This is a simple quinoa-based Buddha bowl with a southwest flair. If you’re looking for a lower fat version, just leave out the avocado. I make the homemade salsa for this recipe and then pour on more Mateo’s salsa. I like the flavor as-is, but to make it a little spicy-zingy for myself I add several stripes of Sriracha sauce and mix it all together. The bowl can be served cold but I think it’s way better when it’s warm! Another recipe from The China Study: Quick & Easy Cookbook.
Ingredients:
Servings: about 4 as a side, or enough to feed 2-3 adults as a main entree
Note: the quinoa can be replaced with brown rice or other whole grain, and you can use whatever salsa recipe you like best
- 3 cups water
- 1½ quinoa, rinsed
- 1 tsp. sea salt
- 2 15-oz. cans black beans, drained and rinsed (pinto would go well too)
- 1 ripe avocado, cubed
- ½ cup chopped fresh cilantro
For the salsa:
- 1 10-oz. package frozen corn, thawed
- 1 large ripe tomato (or equivalent of cherry/grape tomatoes), diced
- ½ medium red onion, diced small
- 1 jalapeno pepper, seeded and diced
- ½ tbs. balsamic vinegar (or omit and add several drops of lime juice, the balsamic can have a strong flavor that I’m not sure I like)
- 2 tbs. chopped fresh basil
- 2 tbs. chopped fresh cilantro
- sea salt to taste
Directions:
Bring the water to a boil in a medium pot. Add the quinoa and salt. Bring the pot to a boil over high heat, then reduce to a medium heat. Cook the quinoa, covered, for about 15 minutes or until “unspiraled” and tender.
While the quinoa cooks, combine all of the salsa ingredients in a large bowl and mix well. Set aside.
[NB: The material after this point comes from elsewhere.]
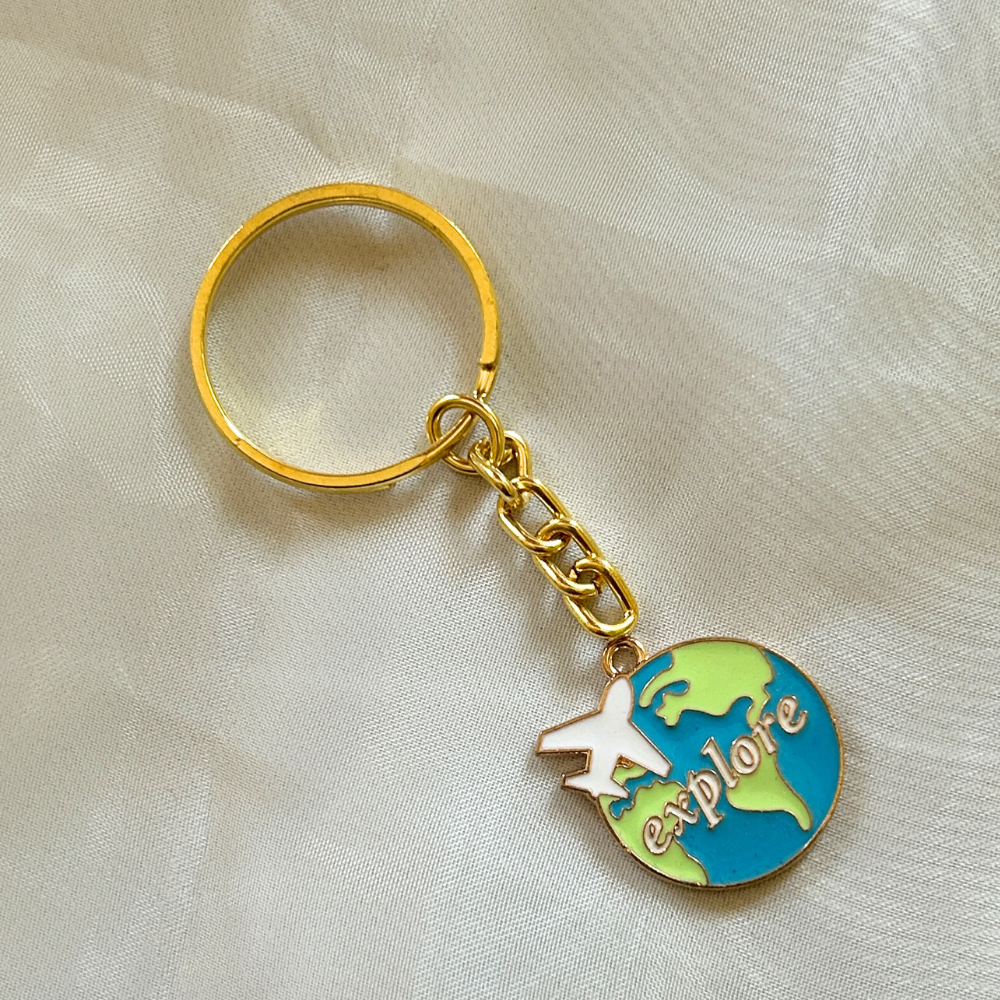 Explore the World Keychain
You can add the black beans to the quinoa and mix it together to heat the beans up, but this will muddy your quinoa and make it dark. If you don’t care, this is the easiest way. If you want to keep your quinoa and bowl “pretty,” heat the black beans up separately in the microwave.
Spoon the quinoa into bowls (then add the black beans if heated separately), then dump the salsa, avocado, and cilantro on top.